### Information provided
####################
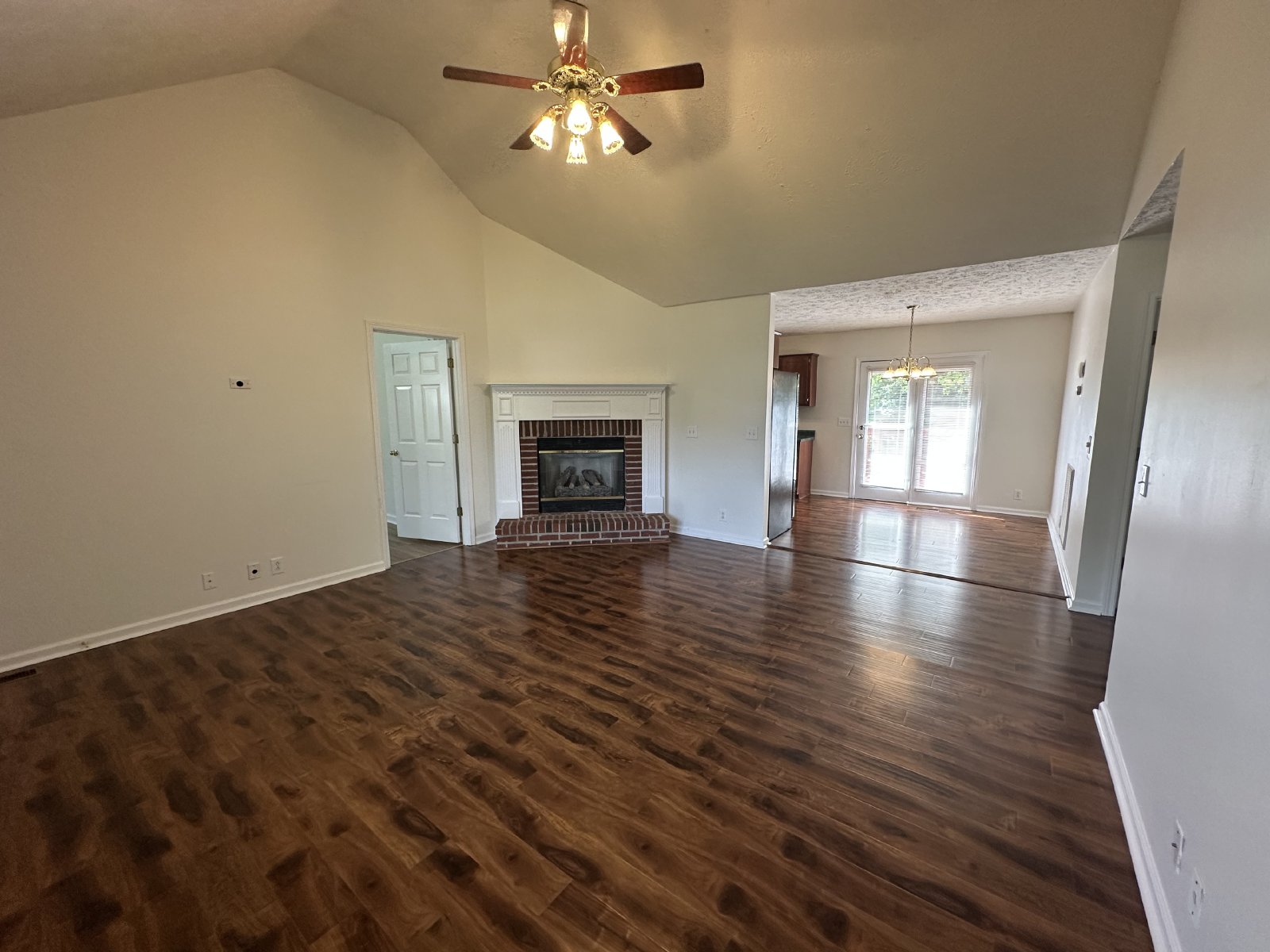 Charming 3 Bed 2 Bath Home In Murfreesboro property image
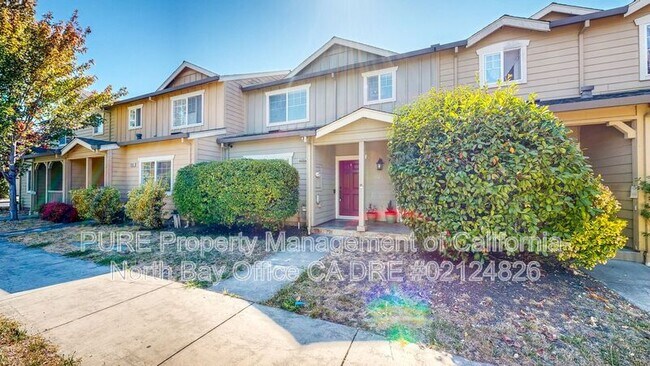 Building Photo - 2263 Northcoast St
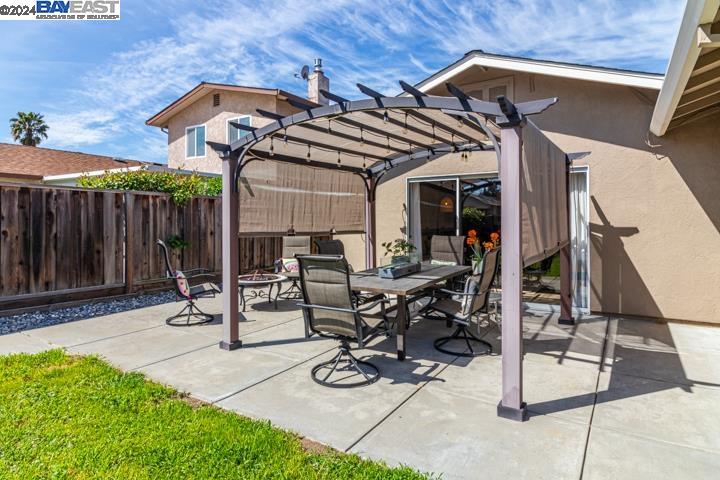 Detail Gallery Image 27 of 38 For 836 Arbor Ct, Livermore,  CA 94550 - 3 Beds | 2 Baths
####################
### Try it
The material is to be reproduced verbatim, and no picture may appear in the copy.

### Answer to the problem
 Charming 3 Bed 2 Bath Home In Murfreesboro property image
 Building Photo - 2263 Northcoast St
 Detail Gallery Image 27 of 38 For 836 Arbor Ct, Livermore,  CA 94550 - 3 Beds | 2 Baths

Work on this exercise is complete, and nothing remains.